Heffner deserves credit for spurring this honest
conversation and he will surely need support and encouragement from the
Governor’s office, state board members, lawmakers, and educators out in the
field when the going gets tough. Instead of making excuses for the state’s
schools – that times are tough, that federal dollars have withered, that more
and more students are coming to school with painful personal and academic challenges
(all of which are true but don’t pardon us from our responsibility to
students)–  Heffner insists that Ohio’s
educators have got to do better regardless
of these difficulties and deficiencies. This starts with an honest assessment
of where we’re falling short, and what we need to do to get better.

It seems ironic that while society in general is starting to
realize that the over-coddling, self-esteem pushing mentality doesn't
always serve kids very well
, and that qualities like grit, perseverance in
the face of obstacles,
and learning how
to handle failure
are attributes worth cultivating in young people, we’ve
yet to apply to that concept to the adults that work with children every day.

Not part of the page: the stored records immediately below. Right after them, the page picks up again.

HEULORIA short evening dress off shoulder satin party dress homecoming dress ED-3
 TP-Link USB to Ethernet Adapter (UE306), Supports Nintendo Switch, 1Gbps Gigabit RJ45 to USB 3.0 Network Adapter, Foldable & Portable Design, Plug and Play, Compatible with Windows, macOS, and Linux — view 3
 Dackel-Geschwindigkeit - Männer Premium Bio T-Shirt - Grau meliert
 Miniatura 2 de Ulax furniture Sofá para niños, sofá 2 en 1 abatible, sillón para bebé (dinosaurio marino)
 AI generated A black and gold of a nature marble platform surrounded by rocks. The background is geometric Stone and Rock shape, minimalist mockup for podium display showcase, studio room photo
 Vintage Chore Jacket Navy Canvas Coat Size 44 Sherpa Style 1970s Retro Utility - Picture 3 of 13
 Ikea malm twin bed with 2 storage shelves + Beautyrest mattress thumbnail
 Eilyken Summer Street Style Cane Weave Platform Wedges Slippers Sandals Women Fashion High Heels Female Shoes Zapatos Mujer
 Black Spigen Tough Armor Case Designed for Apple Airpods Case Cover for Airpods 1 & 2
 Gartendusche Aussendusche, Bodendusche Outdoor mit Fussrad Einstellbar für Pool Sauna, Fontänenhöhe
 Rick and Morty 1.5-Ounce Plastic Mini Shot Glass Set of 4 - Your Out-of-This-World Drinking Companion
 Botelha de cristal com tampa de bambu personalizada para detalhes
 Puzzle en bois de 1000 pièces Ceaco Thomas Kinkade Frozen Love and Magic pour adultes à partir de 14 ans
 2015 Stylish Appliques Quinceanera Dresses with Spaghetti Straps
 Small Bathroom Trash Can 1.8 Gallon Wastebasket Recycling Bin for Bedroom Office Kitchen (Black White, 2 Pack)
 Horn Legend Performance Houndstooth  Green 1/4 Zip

Kudos to Heffner for stepping up to the plate on this, and
for supporting statewide rankings for all districts and school buildings
according to Performance
Index score
; more accurate data on teacher
effectiveness
that reveals great variations in quality instead of lumping all
teachers together as “satisfactory” (note, Heffner acknowledges that Ohio’s
value-added calculation might still need
some work
); and the need for higher expectations and more rigorous ways to
measure how schools are delivering on those expectations. As Steve Jobs said,
“Be a yardstick of quality. Some people aren’t used to an environment where
excellence is expected.”Heffner has done a fine job of setting the bar for Ohio
and now the state’s educators need to meet it.